[Start of Attachment]

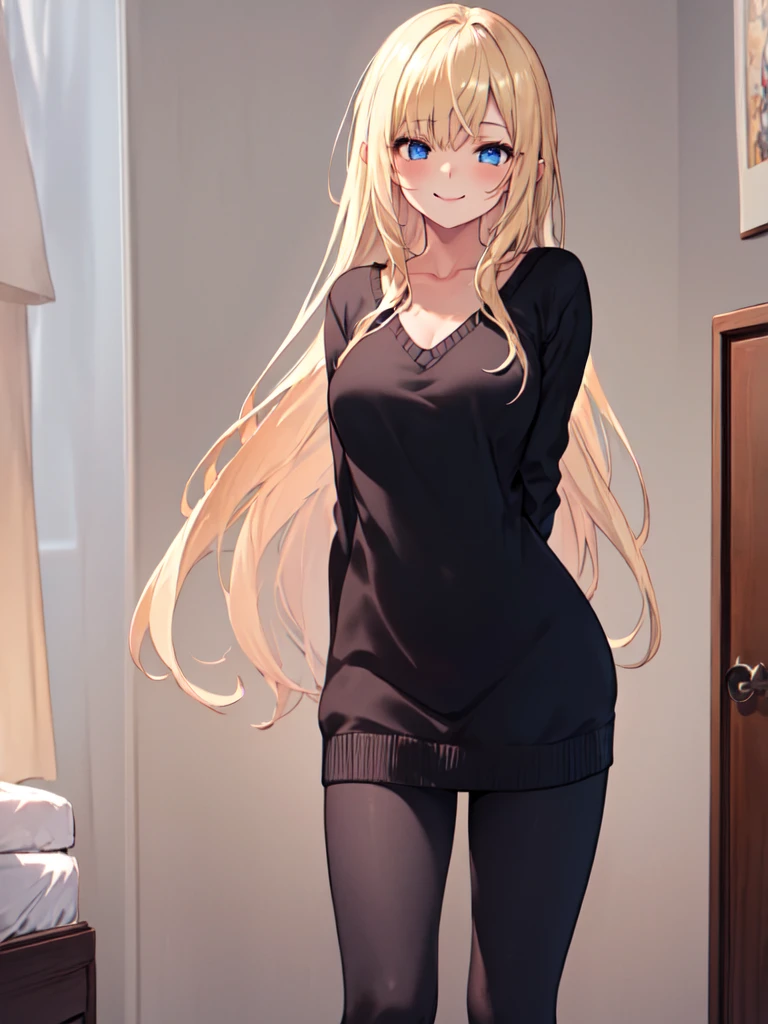  1 girl , solo, Blonde,  long hair, Straight Hair, Beautiful breasts, medium chest ,Black sweater,V-neck sweater, sweater dress,leggings, blue eyes, Droopy eyes,  smiles, closes her mouth,  Seductive Smile , standing,Hands Behind Back, high definition ,  simple background, bedroom, best quality,  anatomically correct, masterpiece,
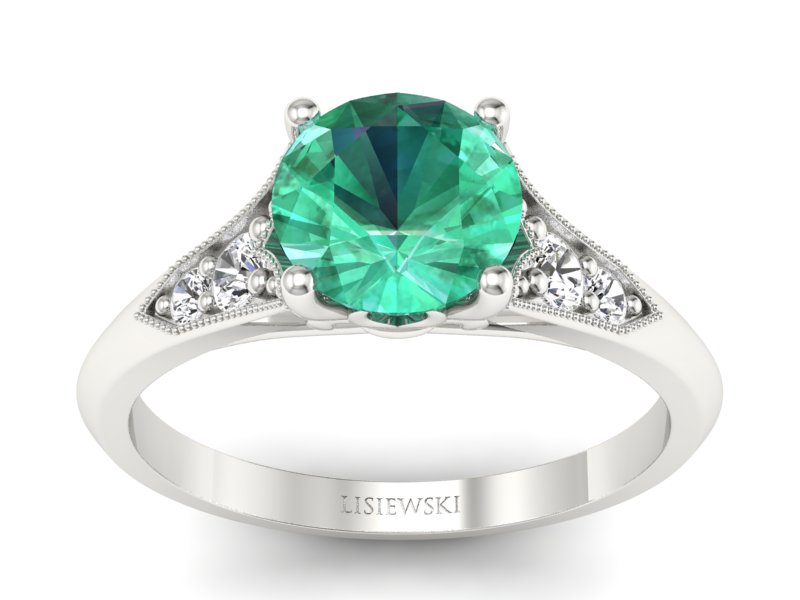 Złoty pierścionek ze szmaragdem i brylantami - p16980bsm - 1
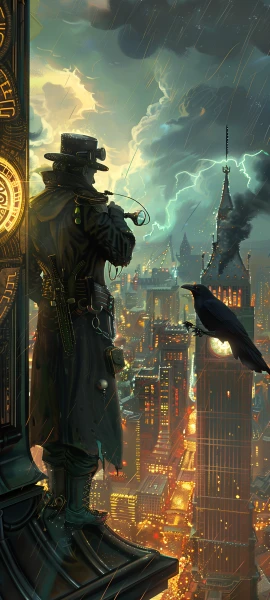 gothic anime boy wallpaper — crow, rain, hat, bird (free 4K phone download)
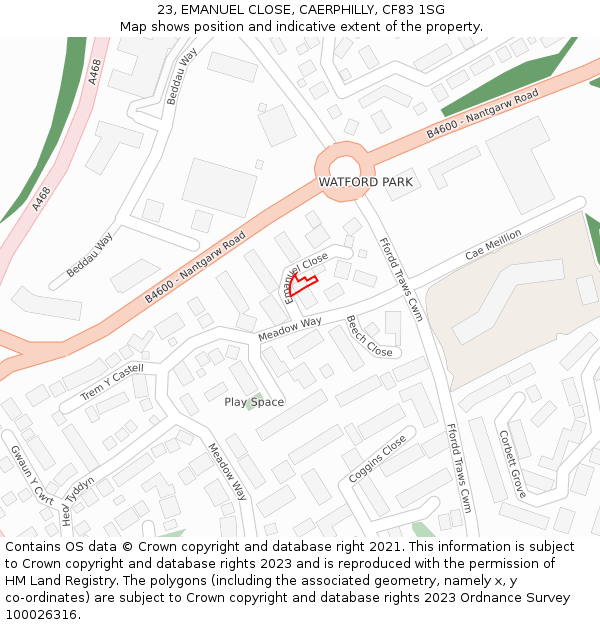 23, EMANUEL CLOSE, CAERPHILLY, CF83 1SG: Location map and indicative extent of plot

[End of Attachment]

> _Problem_
Make an exact copy of the listing above. Its pictures are not needed.

> _Answer to the problem_
  1 girl , solo, Blonde,  long hair, Straight Hair, Beautiful breasts, medium chest ,Black sweater,V-neck sweater, sweater dress,leggings, blue eyes, Droopy eyes,  smiles, closes her mouth,  Seductive Smile , standing,Hands Behind Back, high definition ,  simple background, bedroom, best quality,  anatomically correct, masterpiece,
 Złoty pierścionek ze szmaragdem i brylantami - p16980bsm - 1
 gothic anime boy wallpaper — crow, rain, hat, bird (free 4K phone download)
 23, EMANUEL CLOSE, CAERPHILLY, CF83 1SG: Location map and indicative extent of plot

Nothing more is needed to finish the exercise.